On attribue à l’inventeur allemand Karl Benz la première automobile moderne (1) mais l’avènement du culte de la voiture est un phénomène plus récent. La dépendance à l’automobile comme moyen de transport est particulièrement forte chez les personnes nées après la guerre entre 1946 et 1964. C’est la génération des « baby-boomers ». La majorité des baby-boomers ont maintenant atteint l’âge de 65 ans et ils forment le segment le plus important des conducteurs titulaires d’un permis de conduire au Canada (2). Les baby-boomers adorent leur voiture et l’autonomie qu’elle leur procure.

Les personnes âgées titulaires d’un permis de conduire et propriétaires d’une voiture sont plus susceptibles de prendre part à des activités sociales qu’on associe à la qualité de vie (2). Bien que la conduite d’une automobile tard dans la vie adulte puisse faciliter les liens sociaux (rencontrer la famille et les amis), cela reste néanmoins une source de préoccupations (2). Après les adolescents, ce sont les personnes âgées de 70 ans et plus qui présentent le plus haut taux d’accidents de la route en tenant compte de la distance parcourue. Malheureusement, les personnes âgées sont plus susceptibles d’être tuées ou gravement blessées quand elles sont impliquées dans un accident de la circulation en raison de leur fragilité physique (2). De plus, le pourcentage d’accidents avec responsabilité grimpe de 38 % pour les conducteurs de 45 à 54 ans à 66 % pour ceux qui sont âgés de 75 à 84 ans (3,4). Les recherches suggèrent aussi qu’il y a un plus grand risque d’accidents aux intersections pendant le jour, et une plus forte probabilité d’impliquer plusieurs véhicules (5). Les accidents de voiture sont aussi plus susceptibles de survenir quand les conditions météorologiques sont bonnes (6). Il est cependant important de souligner que toutes les personnes âgées ne sont pas sujettes aux accidents de voiture ou ne sont pas des conducteurs dangereux.
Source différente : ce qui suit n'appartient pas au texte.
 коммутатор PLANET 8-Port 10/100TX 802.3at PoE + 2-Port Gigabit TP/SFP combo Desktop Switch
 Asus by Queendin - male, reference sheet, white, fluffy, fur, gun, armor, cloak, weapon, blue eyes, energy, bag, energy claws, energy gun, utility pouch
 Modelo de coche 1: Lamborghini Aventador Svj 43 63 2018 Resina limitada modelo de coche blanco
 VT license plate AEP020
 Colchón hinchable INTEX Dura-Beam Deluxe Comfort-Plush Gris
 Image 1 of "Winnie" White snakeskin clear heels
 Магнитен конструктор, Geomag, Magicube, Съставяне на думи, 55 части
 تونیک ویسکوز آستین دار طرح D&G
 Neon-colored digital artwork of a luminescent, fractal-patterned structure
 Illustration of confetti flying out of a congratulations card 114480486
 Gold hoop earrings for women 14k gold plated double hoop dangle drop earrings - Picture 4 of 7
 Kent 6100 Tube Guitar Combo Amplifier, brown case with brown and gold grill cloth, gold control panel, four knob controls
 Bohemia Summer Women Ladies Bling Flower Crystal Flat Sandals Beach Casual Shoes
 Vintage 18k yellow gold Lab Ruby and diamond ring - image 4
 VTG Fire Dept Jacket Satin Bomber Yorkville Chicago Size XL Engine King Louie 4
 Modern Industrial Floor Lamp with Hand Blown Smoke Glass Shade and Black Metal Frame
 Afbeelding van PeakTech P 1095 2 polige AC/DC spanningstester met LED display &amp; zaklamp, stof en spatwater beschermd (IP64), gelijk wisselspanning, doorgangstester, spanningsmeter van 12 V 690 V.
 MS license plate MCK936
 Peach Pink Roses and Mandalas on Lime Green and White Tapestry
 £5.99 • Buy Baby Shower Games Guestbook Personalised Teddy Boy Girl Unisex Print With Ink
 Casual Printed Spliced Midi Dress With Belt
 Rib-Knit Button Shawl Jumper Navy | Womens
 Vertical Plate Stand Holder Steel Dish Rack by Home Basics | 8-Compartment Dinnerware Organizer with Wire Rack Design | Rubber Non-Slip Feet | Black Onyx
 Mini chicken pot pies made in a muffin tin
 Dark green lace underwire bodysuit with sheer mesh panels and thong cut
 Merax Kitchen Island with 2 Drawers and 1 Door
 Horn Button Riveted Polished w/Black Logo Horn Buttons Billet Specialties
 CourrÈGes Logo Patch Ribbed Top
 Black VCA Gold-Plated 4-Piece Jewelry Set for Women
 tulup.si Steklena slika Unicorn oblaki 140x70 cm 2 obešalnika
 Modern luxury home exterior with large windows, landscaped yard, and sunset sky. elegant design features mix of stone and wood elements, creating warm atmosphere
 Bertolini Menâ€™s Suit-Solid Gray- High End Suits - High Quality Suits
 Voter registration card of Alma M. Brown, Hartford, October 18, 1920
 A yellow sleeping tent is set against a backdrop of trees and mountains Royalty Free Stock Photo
On attribue les problèmes avec la conduite automobile des personnes âgées aux modifications de leur état médical et fonctionnel. Cela signifie que les problèmes avec la conduite automobile ne relèvent pas des modifications du vieillissement normal mais probablement d’autres problèmes de santé. La question fondamentale est d’évaluer adéquatement à quel moment des problèmes potentiels mettent les personnes à risque quand elles conduisent.

Avec le vieillissement de la population, les professionnels de la santé et le personnel responsable de la délivrance des permis ont besoin d’outils de dépistage leur permettant d’identifier avec exactitude les conducteurs qui présentent un risque sur le plan médical.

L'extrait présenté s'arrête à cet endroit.